**TASK PROMPT:** This calls for a word-for-word copy of all the data, with each picture removed.

**DATASET CONTENT:**

+===+

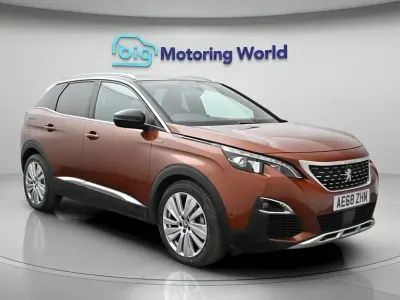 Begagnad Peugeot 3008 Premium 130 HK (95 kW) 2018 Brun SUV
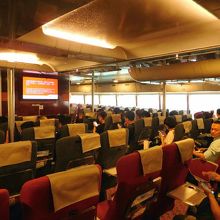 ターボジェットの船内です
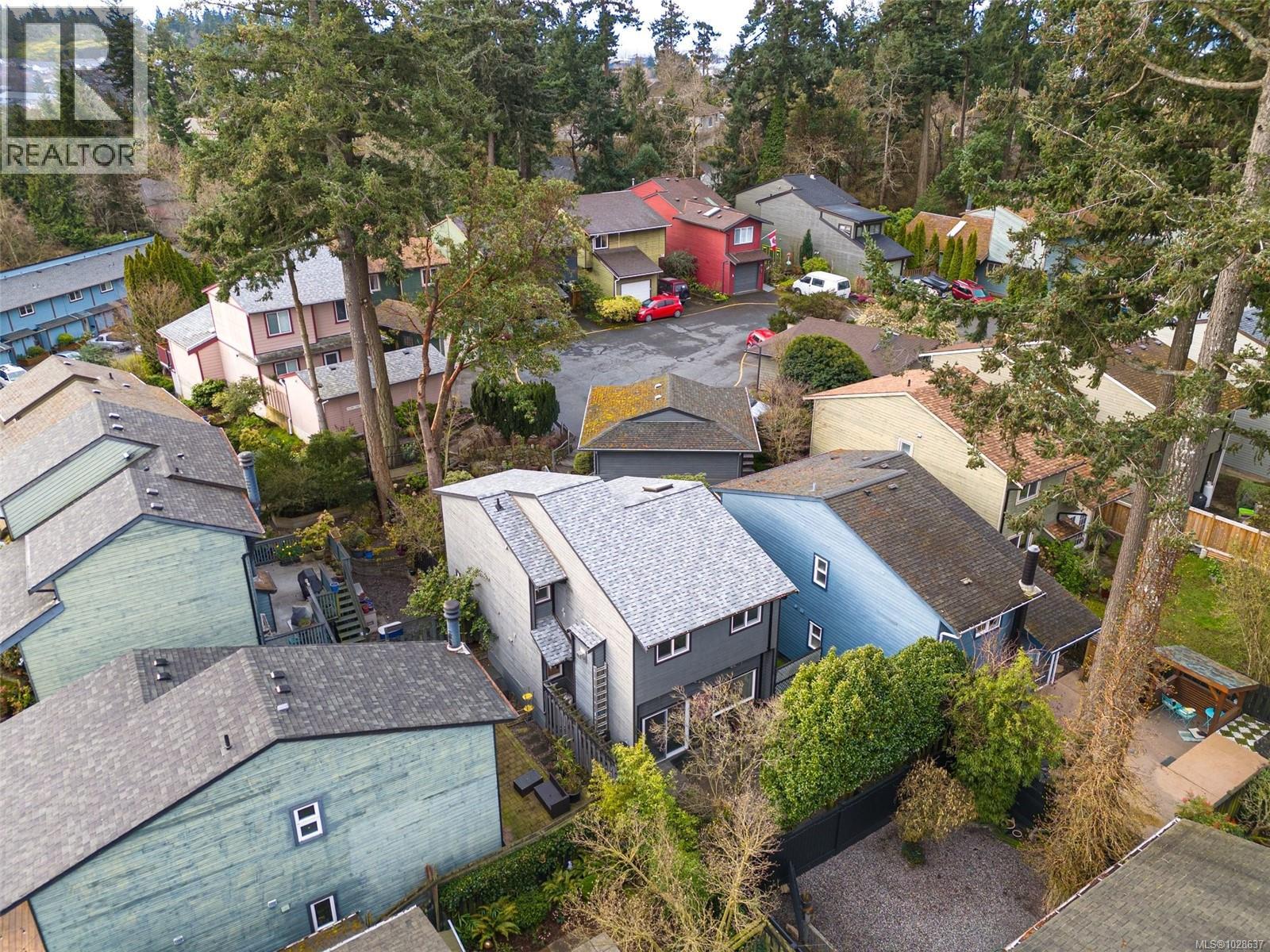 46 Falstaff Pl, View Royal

+===+

**THE COMPLETED TASK:**
 Begagnad Peugeot 3008 Premium 130 HK (95 kW) 2018 Brun SUV
 ターボジェットの船内です
 46 Falstaff Pl, View Royal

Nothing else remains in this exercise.